Stored items from a collection

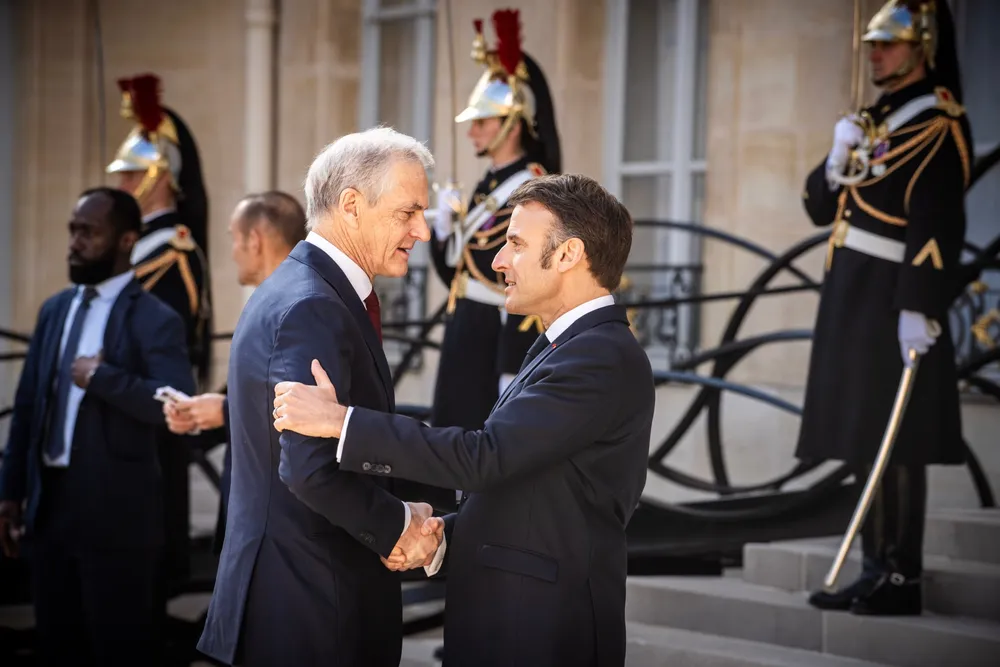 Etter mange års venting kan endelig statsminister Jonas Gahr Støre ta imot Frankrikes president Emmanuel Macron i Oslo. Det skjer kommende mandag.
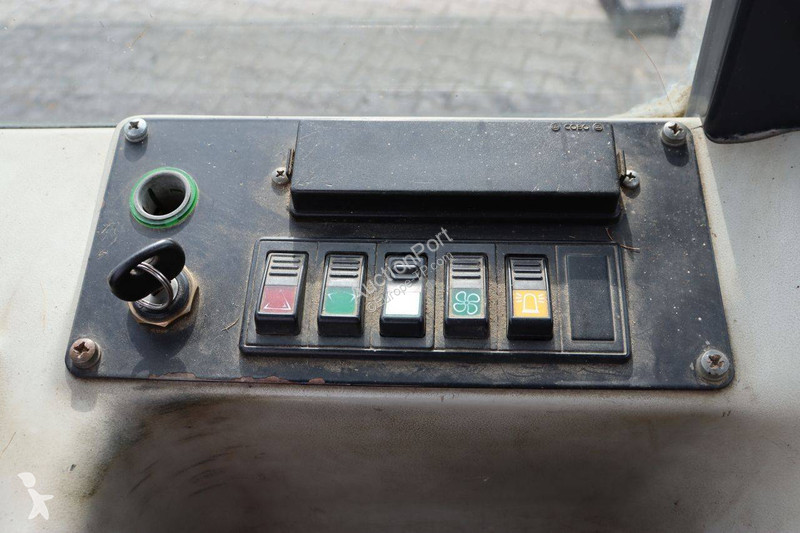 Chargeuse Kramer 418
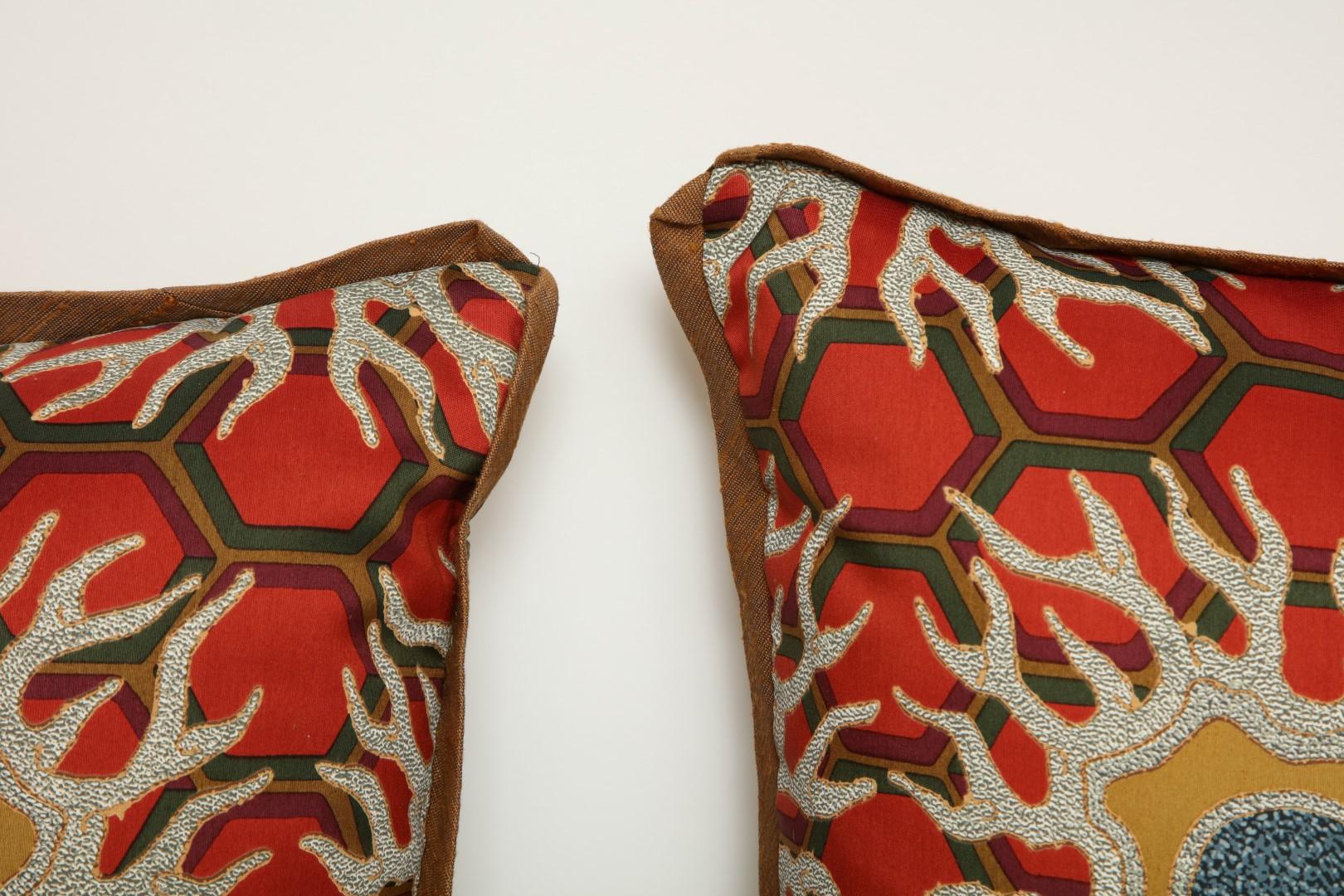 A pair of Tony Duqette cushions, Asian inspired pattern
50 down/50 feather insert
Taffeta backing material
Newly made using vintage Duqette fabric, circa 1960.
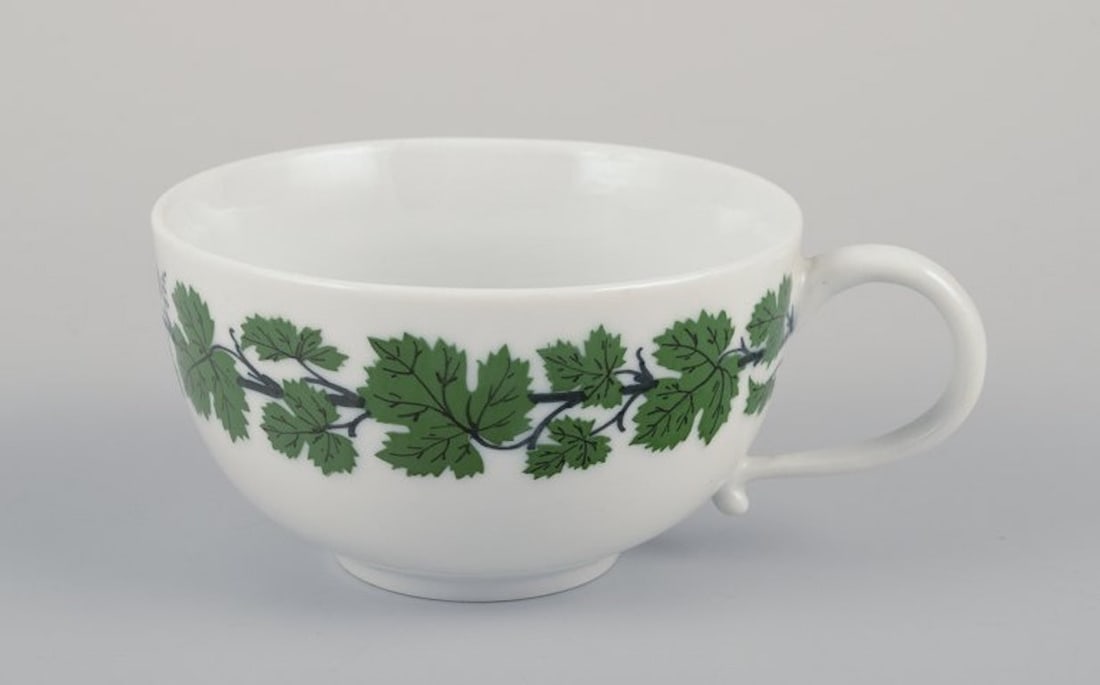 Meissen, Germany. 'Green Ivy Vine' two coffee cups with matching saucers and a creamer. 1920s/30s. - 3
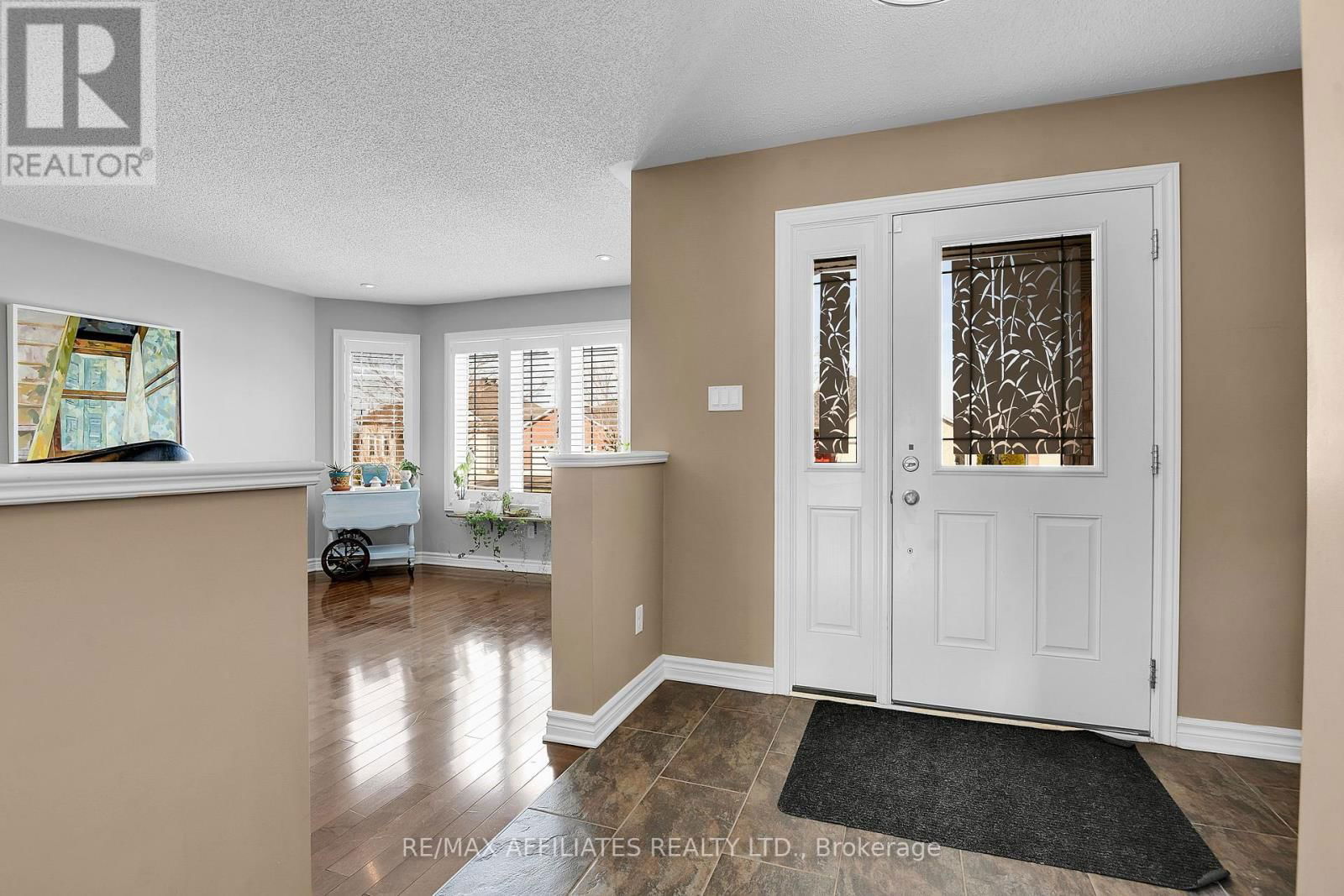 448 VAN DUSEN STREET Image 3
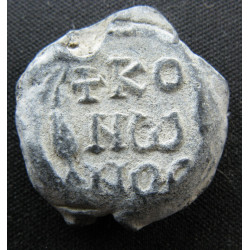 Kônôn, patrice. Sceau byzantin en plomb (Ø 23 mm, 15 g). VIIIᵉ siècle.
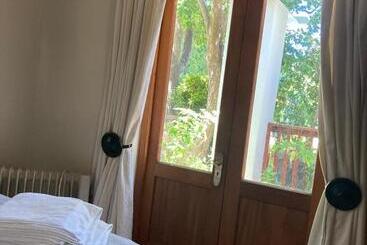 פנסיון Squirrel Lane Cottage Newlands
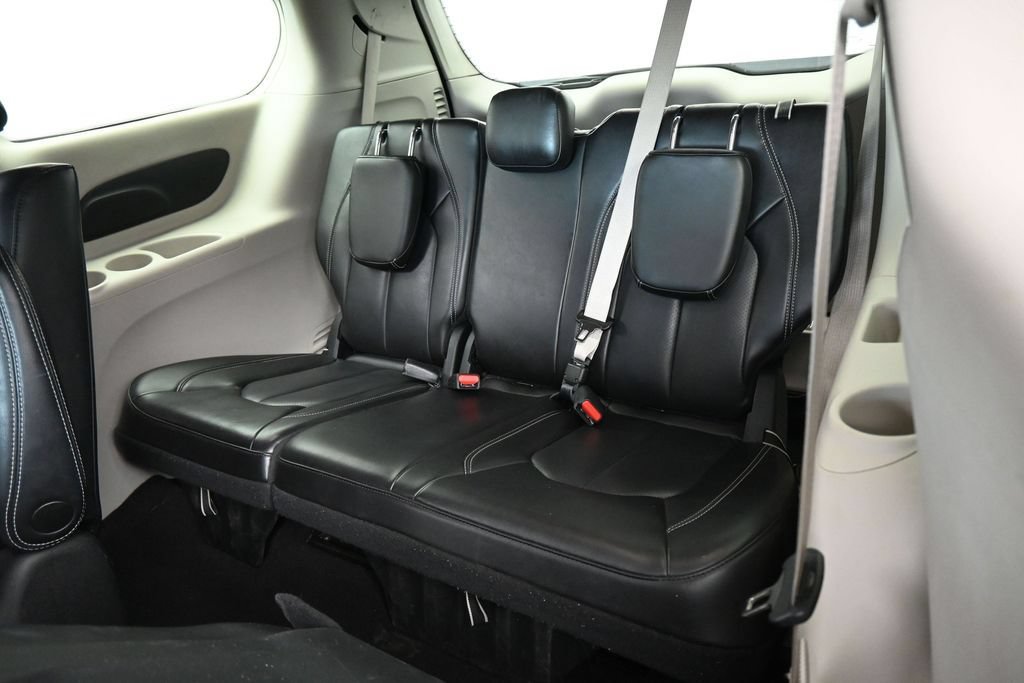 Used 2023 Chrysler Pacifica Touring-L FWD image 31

## EXERCISE DESCRIPTION
When you reach a picture in the records above, pass over it and transcribe the rest exactly.

## REPLY TO THE EXERCISE
 Etter mange års venting kan endelig statsminister Jonas Gahr Støre ta imot Frankrikes president Emmanuel Macron i Oslo. Det skjer kommende mandag.
 Chargeuse Kramer 418
 A pair of Tony Duqette cushions, Asian inspired pattern
50 down/50 feather insert
Taffeta backing material
Newly made using vintage Duqette fabric, circa 1960.
 Meissen, Germany. 'Green Ivy Vine' two coffee cups with matching saucers and a creamer. 1920s/30s. - 3
 448 VAN DUSEN STREET Image 3
 Kônôn, patrice. Sceau byzantin en plomb (Ø 23 mm, 15 g). VIIIᵉ siècle.
 פנסיון Squirrel Lane Cottage Newlands
 Used 2023 Chrysler Pacifica Touring-L FWD image 31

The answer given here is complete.